The term Nestorianism takes its name from Nestorius (c. 386–c. 451), whose theological position on Christ sparked controversy across the Christian world. At its core, Nestorius maintained that Christ assumed a human body that could suffer and undergo change, while his divinity remained unable to suffer and change.
Yet the way he argued his case made it sound like Christ as a person was not born of a virgin, did not die, was not buried, nor was resurrected. Instead, his argument suggested that only the human body Christ assumed experienced these things, leaving his Godhead unchanged.
The Theotokos Controversy
The particular flash point in Nestorius's argument was his denial that Mary bore God, which the title theotokos (God-bearer) emphasized. In Nestorius's first sermon against the Theotokos, he contrasts two terms for Mary—Theotokos and Anthropotokos (the term Nestorius affirmed)—and asks the key question: "Does God have a mother?"
Nestorius found it absurd to say that Mary gave birth to God, citing John 3:6 that only flesh gives birth to flesh. His goal was to argue that "she gave birth to the human being, the instrument of the godhead." What's more, it wasn't just the Incarnation or the Virgin birth that concerned Nestorius; he explicitly stated, "the Incarnate God did not die."
Nestorius's Explanation
Nestorius explained: "That which was formed in the womb was not in itself God. That which was created by the Spirit was not in itself God. That which was buried in the tomb was not in itself God."
How did he explain how Christ's death, birth, and burial do not relate to God directly? Here's his answer: "But since God is within the one who is assumed, the one who was assumed is styled God because of the one who assumed him." In other words, Nestorius claimed that the Word assumed (took) a human body to himself, and for this reason, the body itself can suffer, be born, and be buried, but not God himself.
For Nestorius, his major concern centered on the nature of God being unable to suffer because God has no flesh. Interestingly, this does not mean he explicitly claimed there are two persons in Christ. In his second letter to Cyril of Alexandria, Nestorius explained what he meant by the two natures of Christ, and he affirmed that there is "one unitary person."
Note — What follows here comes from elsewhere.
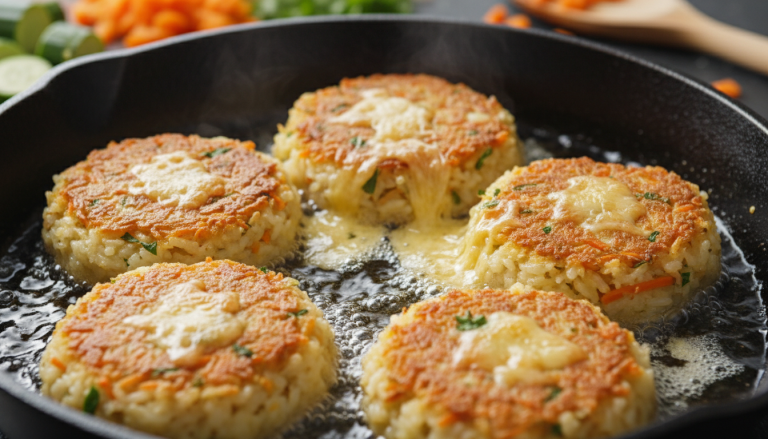 découvrez nos bouchées dorées aux légumes express, prêtes en 10 minutes avec des restes de riz. moelleuses, légères et savoureuses, parfaites pour un repas rapide et gourmand.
How could Nestorius claim there is one unitary person while being condemned for dividing Christ into two persons? Here, we need to distinguish concepts from judgments. Nestorius may have used concepts that sound orthodox, but when he explained his argument, it became clear that his judgments divided Christ into two.
Nestorius believed the term "Christ" in Scripture allows you to think about Christ as both God and man in a very specific way: whenever Christ suffers, Nestorius attributed that suffering to the human flesh because the human flesh alone is passible; that's in the nature of the body.
His major concern was to say that when the Bible speaks of Christ suffering on the cross, it is only speaking about his human flesh that suffered, not his Godhead, because that by nature is impassible.
The Problem with Nestorianism
But notice the implications of his position:
We cannot call Mary Theotokos because that would imply God could suffer change. (But God the Son is the subject, the person whom Mary bore.)
We cannot say that God the Son suffered, died, and was buried, because only the body he assumed did those things.
While he apparently denies two persons in Christ in explicit language, he affirms that the body does some things the Godhead does not do.
Christ is thus divided. And this is theologically absurd.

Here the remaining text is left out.